23 July 2009

Put lenses in your eyes!

Contact lenses with medications will replace eye drops
Copper newsA group of researchers from the Laboratory of Biomaterials and Drug Delivery at the Children's Hospital Boston, led by Daniel Kohane, have developed the first contact lenses capable of gradually releasing drugs, EurekAlert reports, citing a publication in the journal Investigative Ophthalmology and Visual Science.

The lenses, developed with the assistance of the Massachusetts Institute of Technology, consist of two polymers already used in ophthalmology. The inner layer of the lens, which collapses when used, consists of polymolytic glycolic acid (PLGA), and the outer layer consists of polyhydroxyethylmethacrylate (pHEMA).

The release of the drug with new lenses can last up to one hundred days (the maximum allowed period of use of a contact lens in the United States is 30 days). During the tests, the lenses provided an effective concentration of the antibiotic ciprofloxacin throughout this period.

The researchers have completed laboratory studies and are conducting animal tests.
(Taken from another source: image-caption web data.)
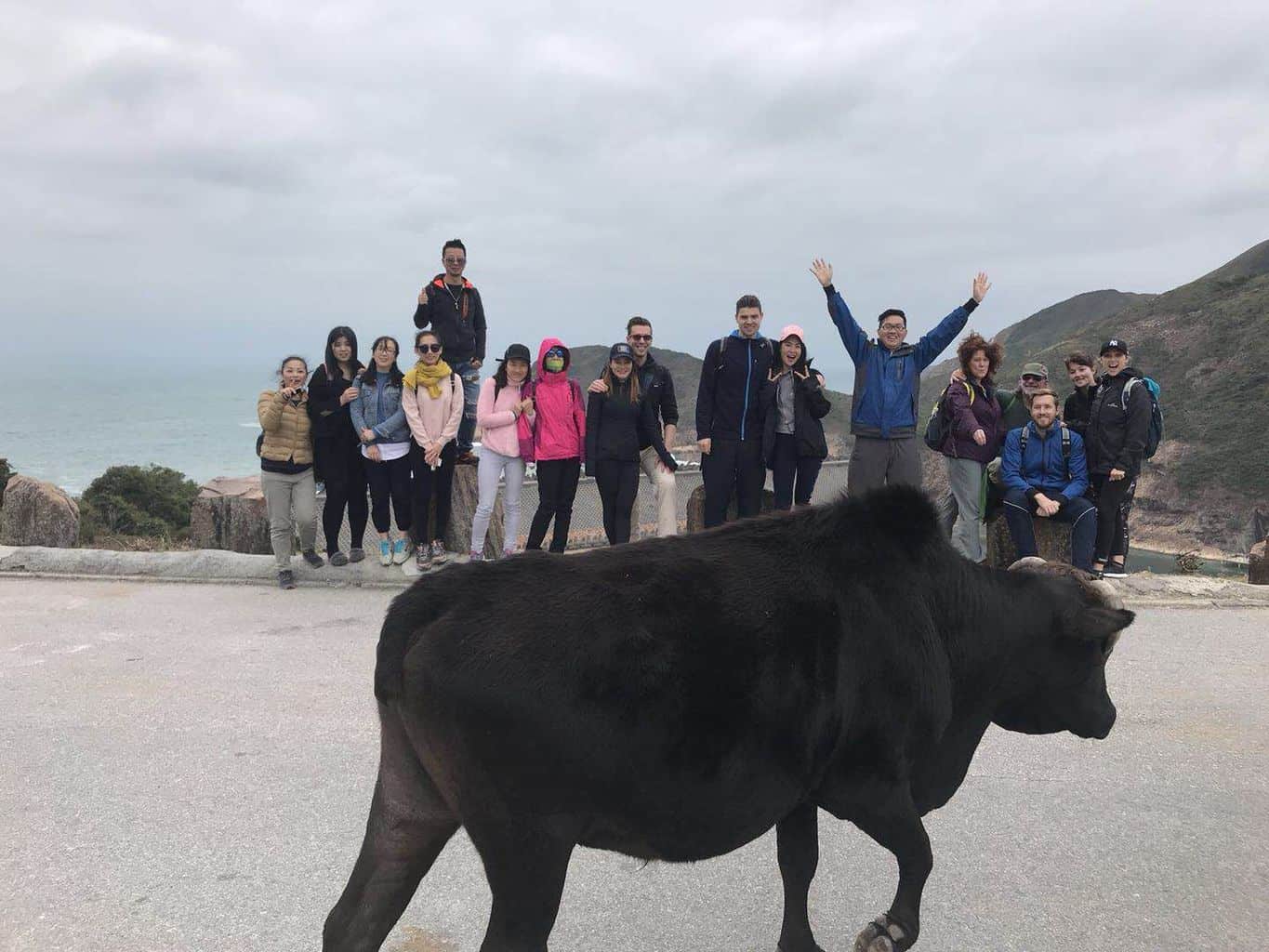 Cow on a group hike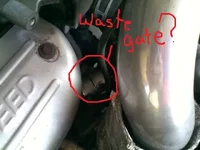 EndsHereWG.webp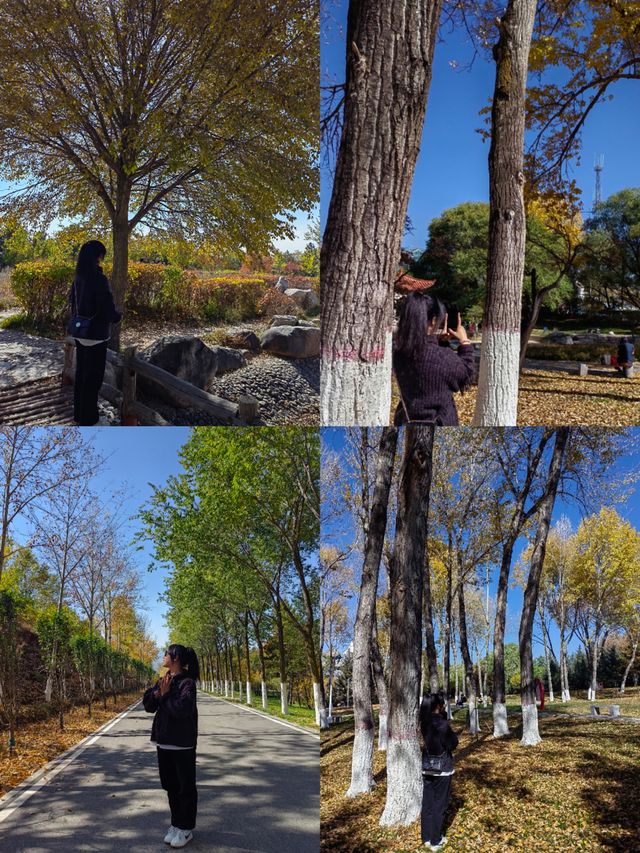 旅遊達人都推薦的隱藏旅行地！速來打卡。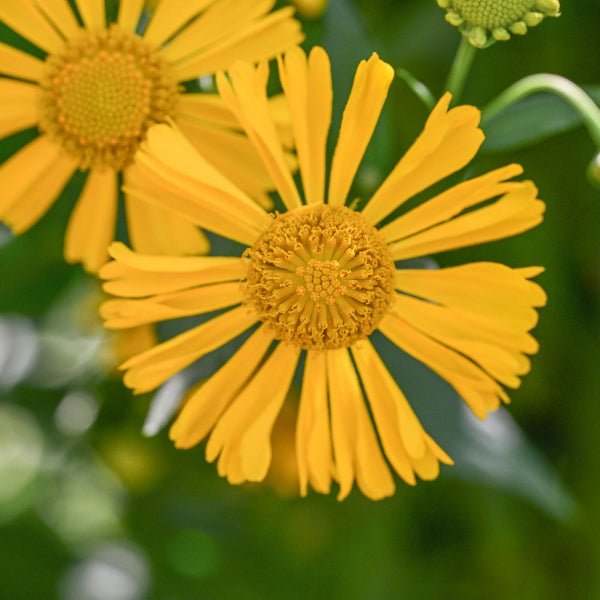 Common Sneezeweed - #1 Container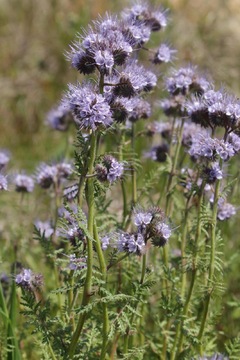 Phacelia Tanacetifolia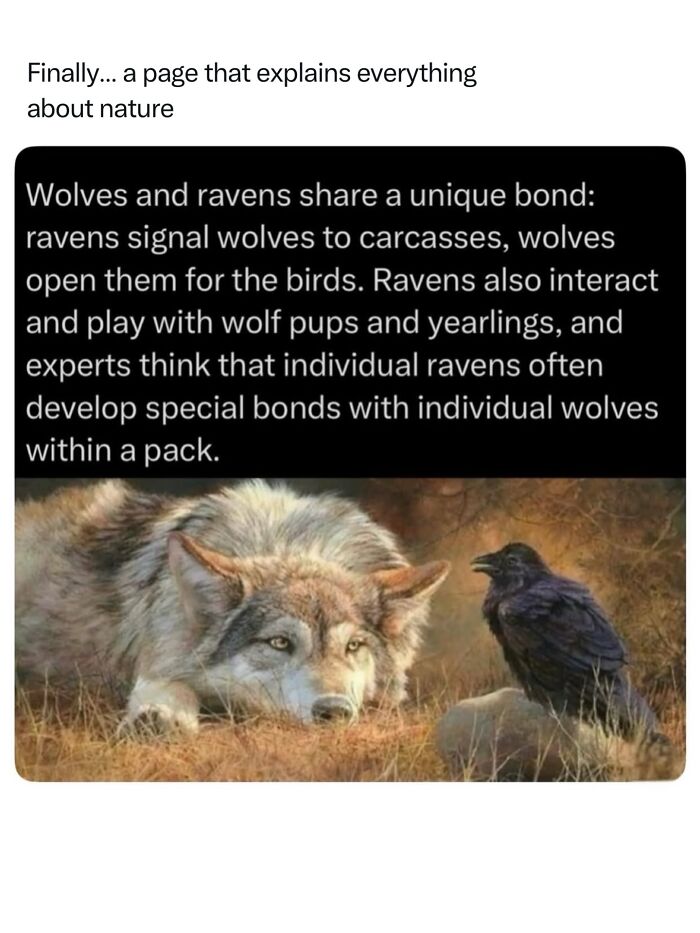 Let's Dive Into 68 Wild Facts and Pics That Will Blow Your Mind
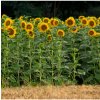 Slnečnica King Kong - Helianthus annuus - predaj semien - 6 ks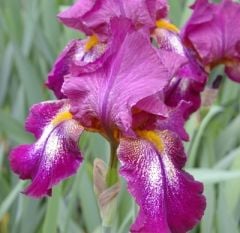 Kod:Irs11 Tall bearded Iris germanica Attention Please (sağlıklı 1adet rizom)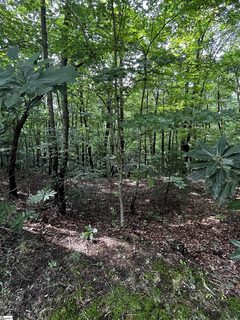 000 Cliff Ridge Drive Lot 253 active lot in Cliff Ridge At Caesars Head, Cleveland, SC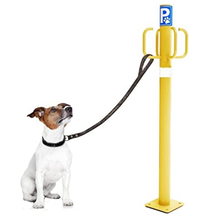 Φόρτωση εικόνας στο εργαλείο προβολής Συλλογής, κολονα σκυλου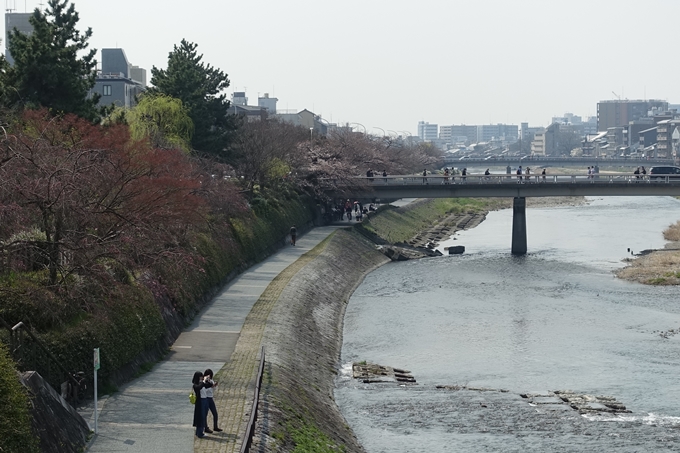 京都桜速報2018_05　No39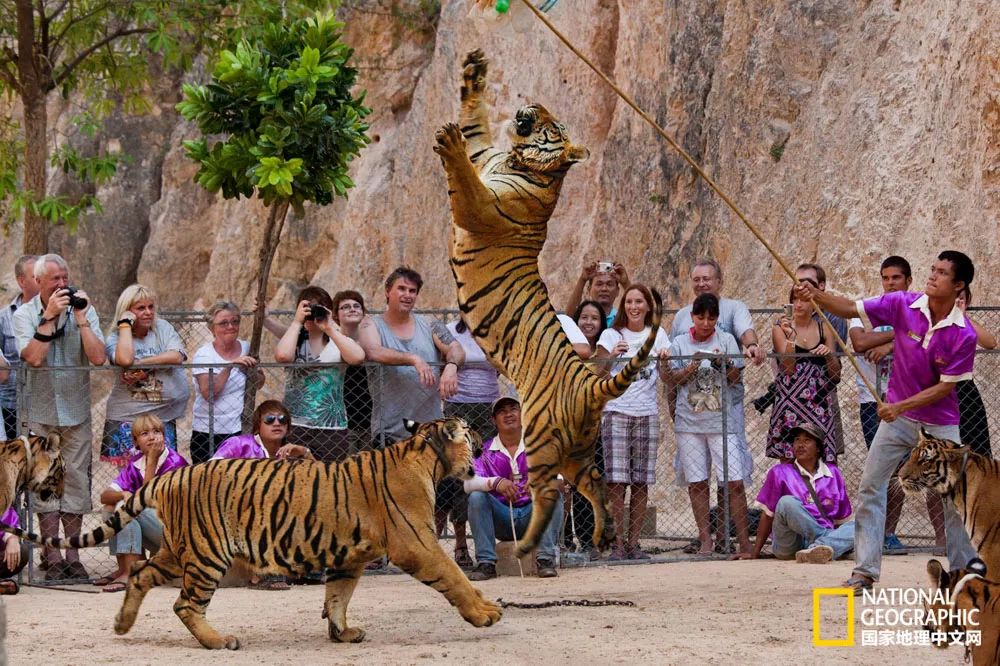 国家地理历史解密,国家地理老虎的复仇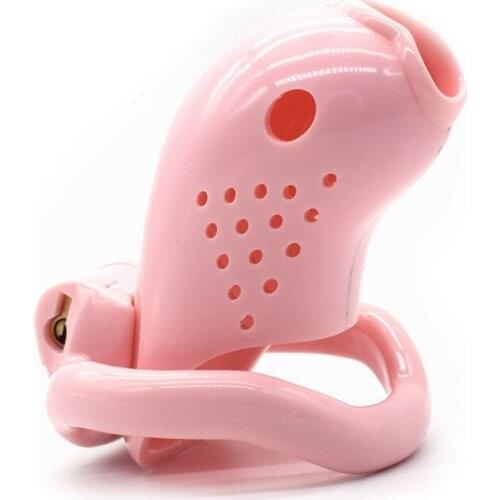 Cockring Cb6000 Chastity Cage Gay Sex Toys for Man4 Size Cock Ring Removable Cock Cage Male Chastity Device Prevent Derailment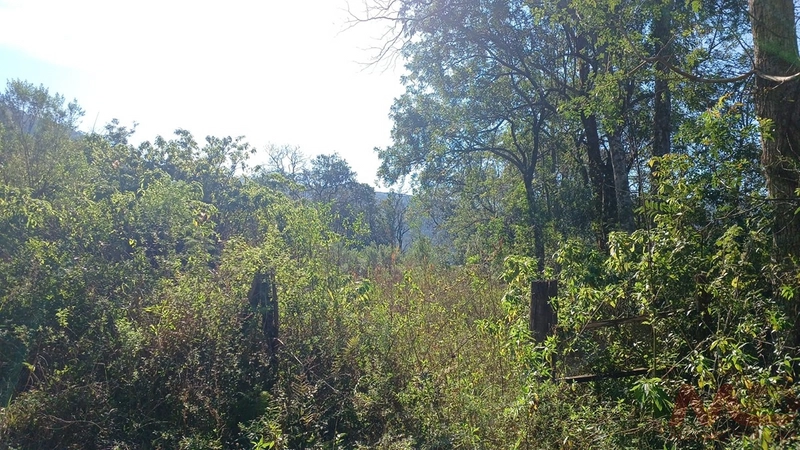 SITIO EM CANELA RS 10 MINUTOS DA CATERDRAL DE PEDRA: 54ª foto da galeria de imagens do imóvel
In the near future, they intend to move on to testing their development on humans. In their opinion, "medicinal" contact lenses can replace the constant use of eye drops in conditions such as glaucoma and dry eye syndrome.

The lenses created in Boston are not the first development of this type, however, all previous options did not provide a sufficiently uniform intake of the drug into the eye. In the first few hours, the lenses isolated most of the drug, and the subsequent concentration of the substance did not reach therapeutic dosages.

Regular use of eye drops is an insufficiently effective way of administering medications. Due to blinking and secretion of tear fluid, from 1 to 7 percent of the drug gets into the eye.